Records:

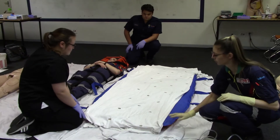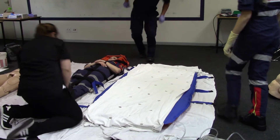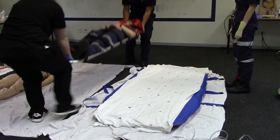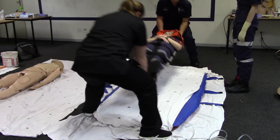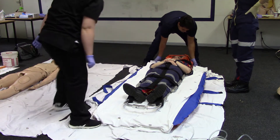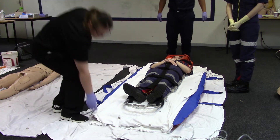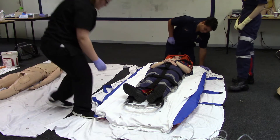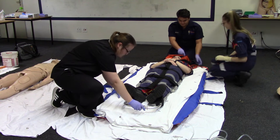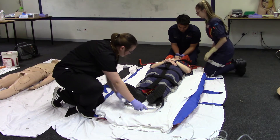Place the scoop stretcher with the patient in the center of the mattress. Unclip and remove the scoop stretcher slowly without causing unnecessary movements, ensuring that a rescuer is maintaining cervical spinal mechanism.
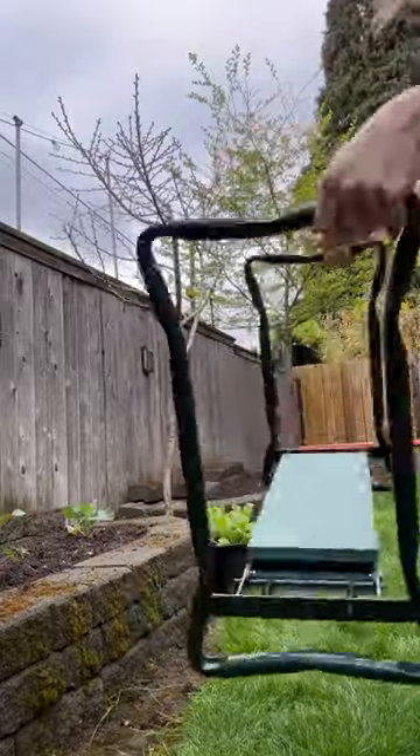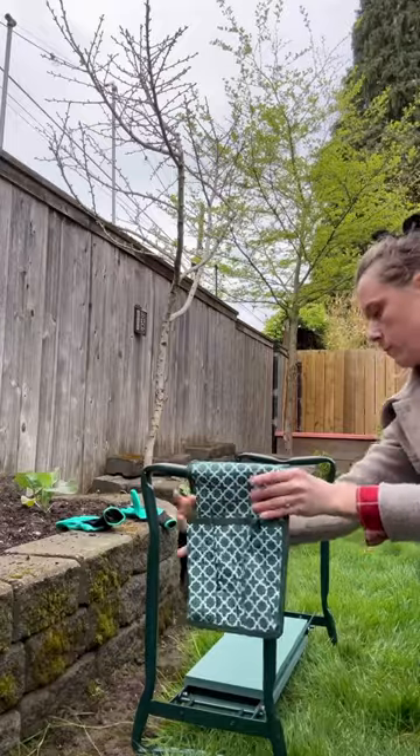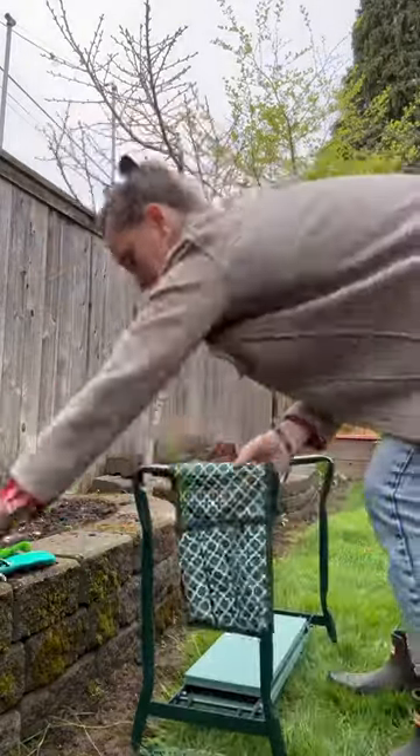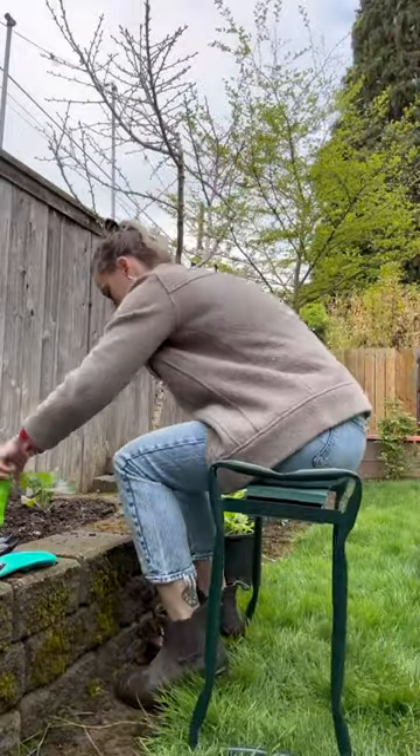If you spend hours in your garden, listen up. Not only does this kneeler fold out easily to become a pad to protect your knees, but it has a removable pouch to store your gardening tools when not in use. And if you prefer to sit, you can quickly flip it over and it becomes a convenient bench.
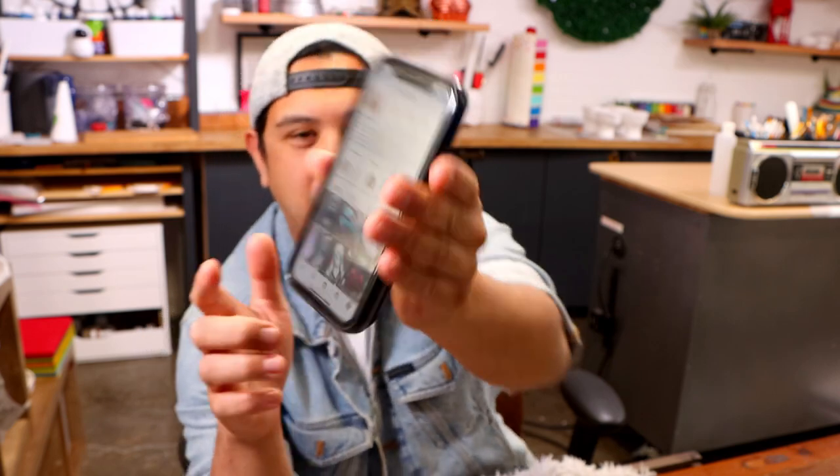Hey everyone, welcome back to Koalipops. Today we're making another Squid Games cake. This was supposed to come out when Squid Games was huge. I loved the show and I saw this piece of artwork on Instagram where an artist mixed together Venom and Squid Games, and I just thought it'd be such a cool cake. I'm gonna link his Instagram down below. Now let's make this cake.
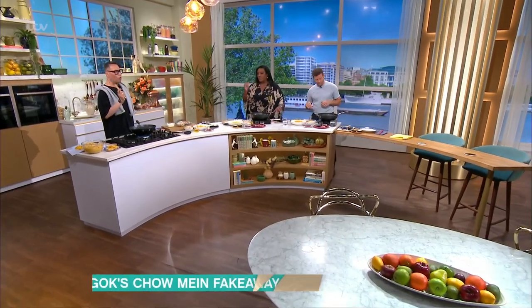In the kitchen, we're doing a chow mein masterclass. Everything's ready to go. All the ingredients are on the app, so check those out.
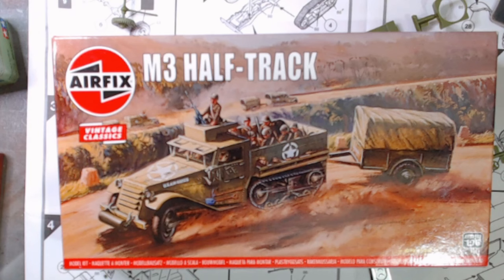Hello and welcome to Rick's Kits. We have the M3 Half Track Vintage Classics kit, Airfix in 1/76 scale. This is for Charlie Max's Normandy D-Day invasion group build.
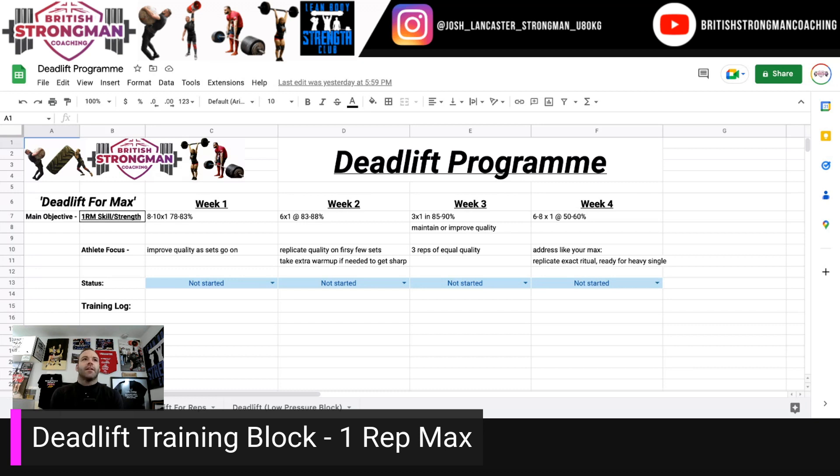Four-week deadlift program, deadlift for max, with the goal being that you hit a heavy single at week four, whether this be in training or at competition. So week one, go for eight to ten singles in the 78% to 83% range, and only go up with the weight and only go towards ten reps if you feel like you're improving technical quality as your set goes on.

What this task involves: From the line that holds "If you spend" to the last line of the records, please copy each line exactly and nothing else. Pictures stay out.

Output of the task:
If you spend hours in your garden, listen up. Not only does this kneeler fold out easily to become a pad to protect your knees, but it has a removable pouch to store your gardening tools when not in use. And if you prefer to sit, you can quickly flip it over and it becomes a convenient bench.
Hey everyone, welcome back to Koalipops. Today we're making another Squid Games cake. This was supposed to come out when Squid Games was huge. I loved the show and I saw this piece of artwork on Instagram where an artist mixed together Venom and Squid Games, and I just thought it'd be such a cool cake. I'm gonna link his Instagram down below. Now let's make this cake.
In the kitchen, we're doing a chow mein masterclass. Everything's ready to go. All the ingredients are on the app, so check those out.
Hello and welcome to Rick's Kits. We have the M3 Half Track Vintage Classics kit, Airfix in 1/76 scale. This is for Charlie Max's Normandy D-Day invasion group build.
Four-week deadlift program, deadlift for max, with the goal being that you hit a heavy single at week four, whether this be in training or at competition. So week one, go for eight to ten singles in the 78% to 83% range, and only go up with the weight and only go towards ten reps if you feel like you're improving technical quality as your set goes on.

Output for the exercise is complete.